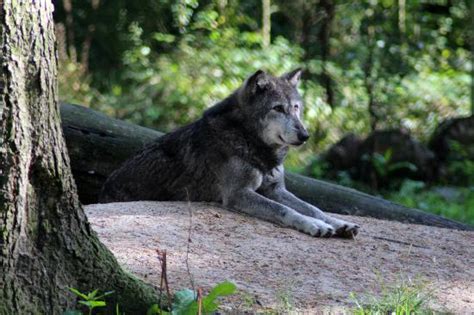 Wolf Picture Of New Forest Wildlife Park Ashurst Tripadvisor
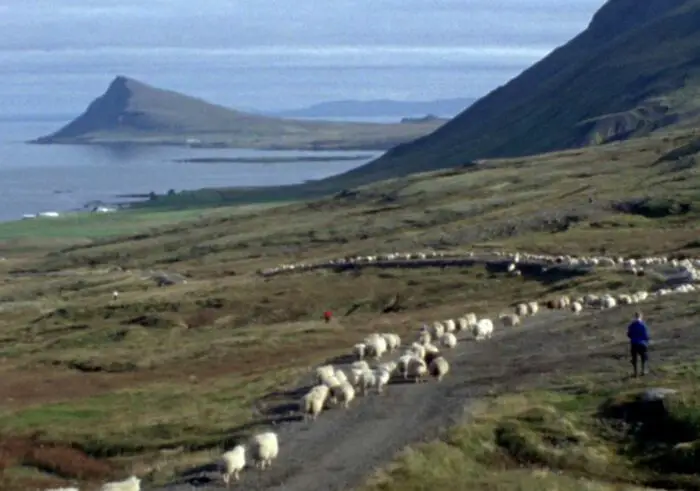 Sheep are herded down a narrow path on the coast of Inceland.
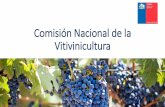 Comisión Nacional de la Vitivinicultura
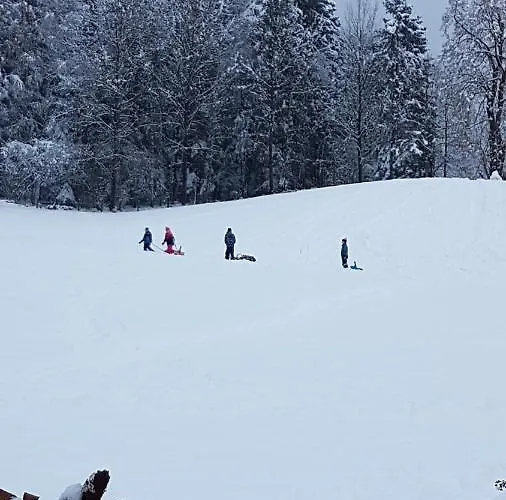 Sonnenstrahl גמונד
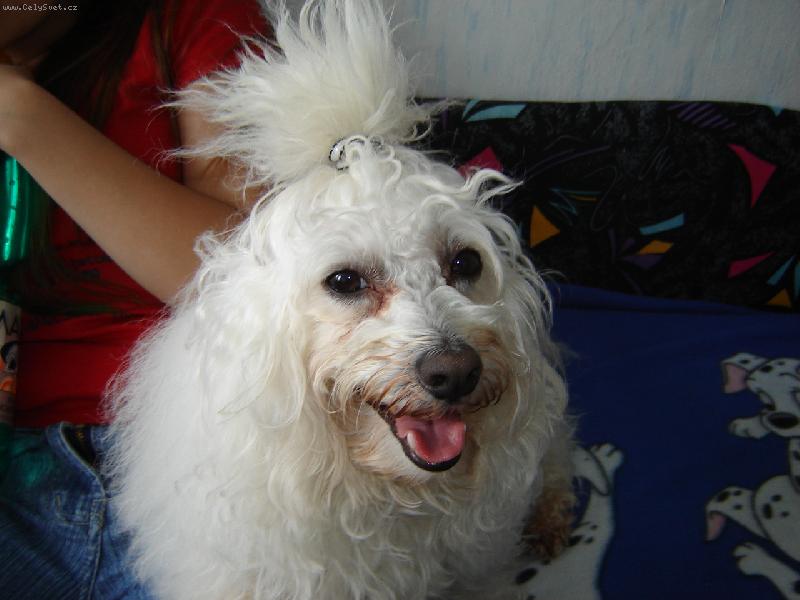 Foto: De�sek-to sem fe��k.......j� sem kluk a m�m cul��ek...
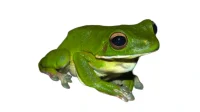 Hvidlæbet løvfrø ( Litoria infrafrenata)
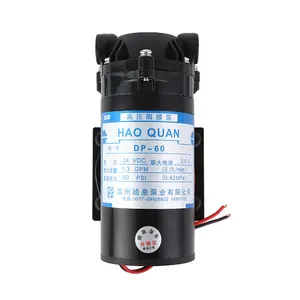 Electric High Pressure Caravan Small Suction 5m Diaphragm Temperature Resistance Portable Water Pump DP-60 DC 24V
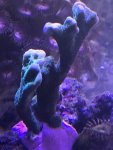 BA8A334D-A826-475C-8ADD-049703D8D0AA.jpeg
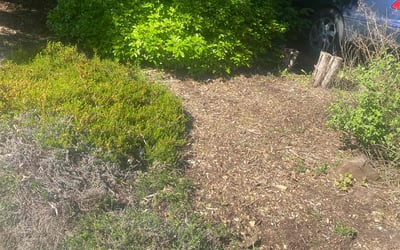Photo of Sunny N.'s yard after getting landscaping in Preston, WA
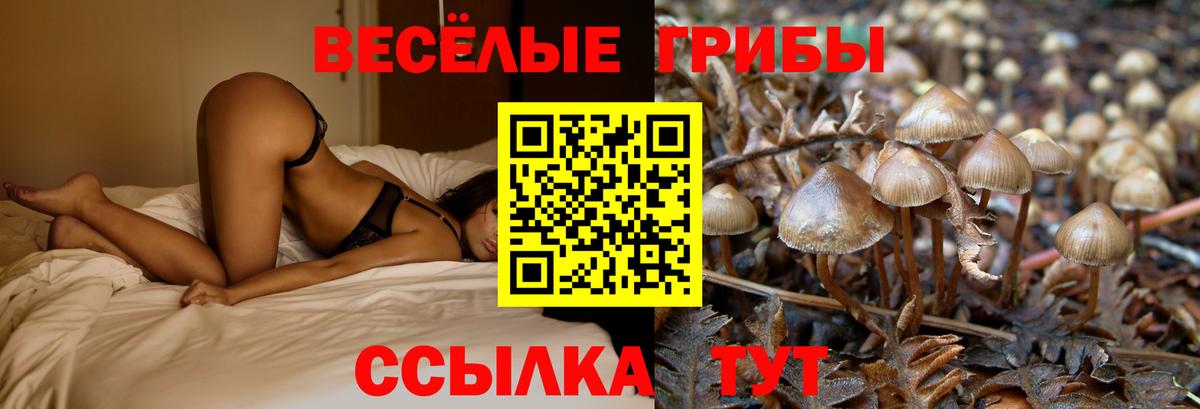 Псилоцибиновые грибы Psilocybe Красноярск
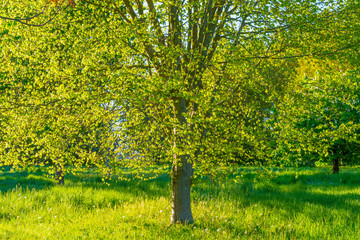 Spring is in the air with the lush green foliage of trees in a green pasture in sunlight at sunrise in a spring morning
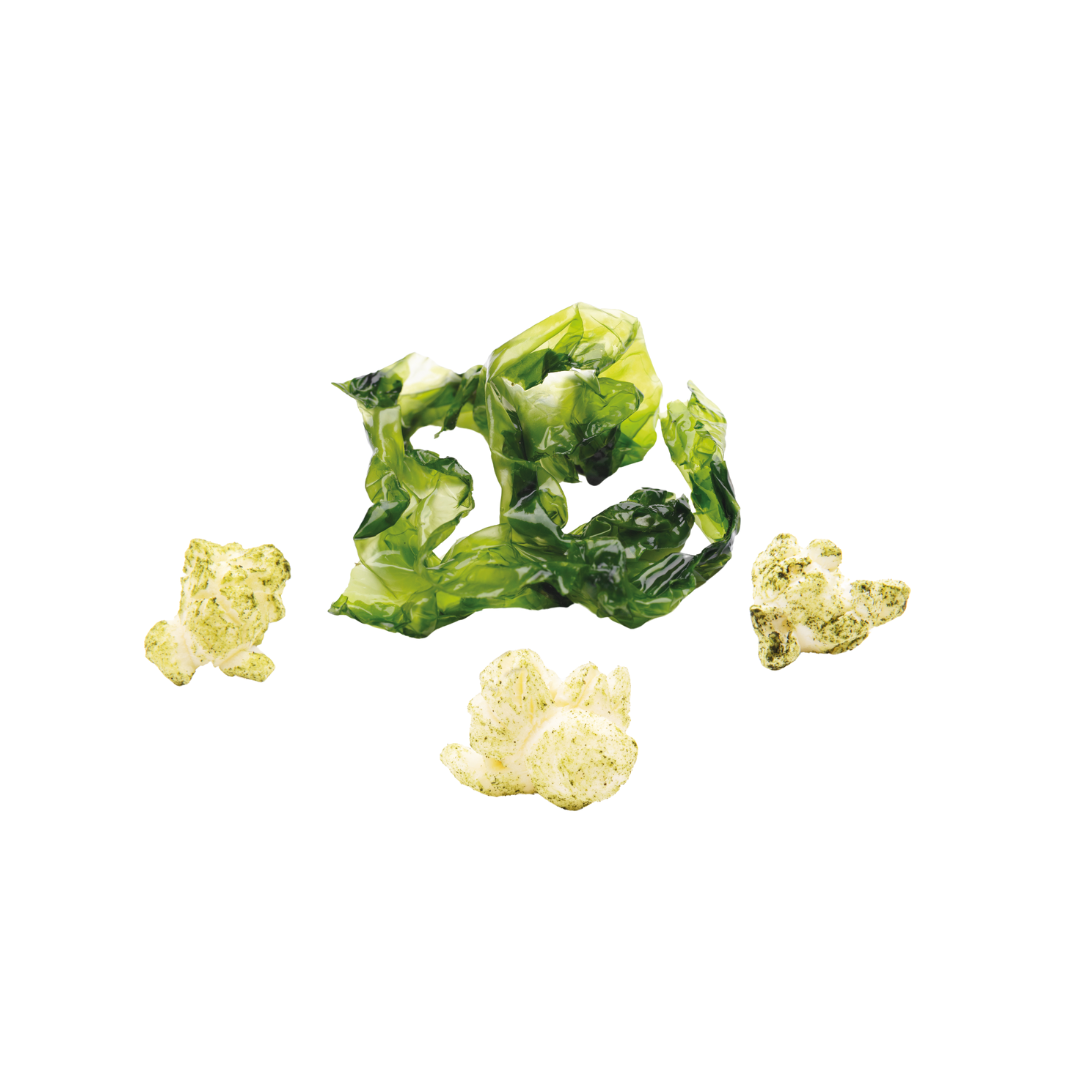 Popcorn Sel de Guérande + Algues Marines (PETIT SACHET 10x25g)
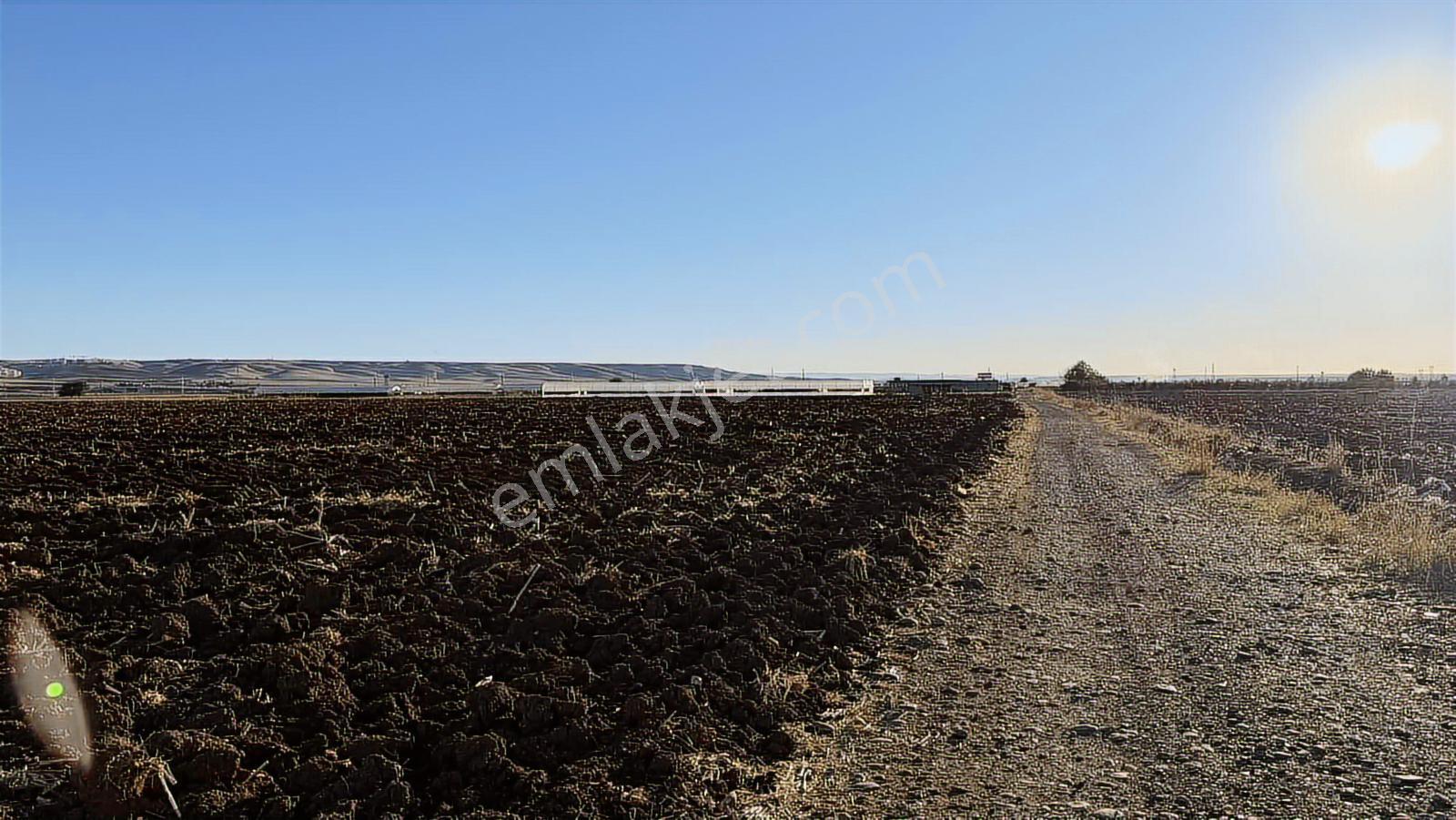 Çok Acil Yatırımlık Satılık Arsa — fotoğraf 7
● ● ● ●
In the data above, the stretch from the line with "BA8A334D-A826-475C-8ADD-049703D8D0AA.jpeg" through the line with "Spring is in" is to be returned exactly, minus any pictures.

**ANSWER SECTION**
 BA8A334D-A826-475C-8ADD-049703D8D0AA.jpeg
Photo of Sunny N.'s yard after getting landscaping in Preston, WA
 Псилоцибиновые грибы Psilocybe Красноярск
 Spring is in the air with the lush green foliage of trees in a green pasture in sunlight at sunrise in a spring morning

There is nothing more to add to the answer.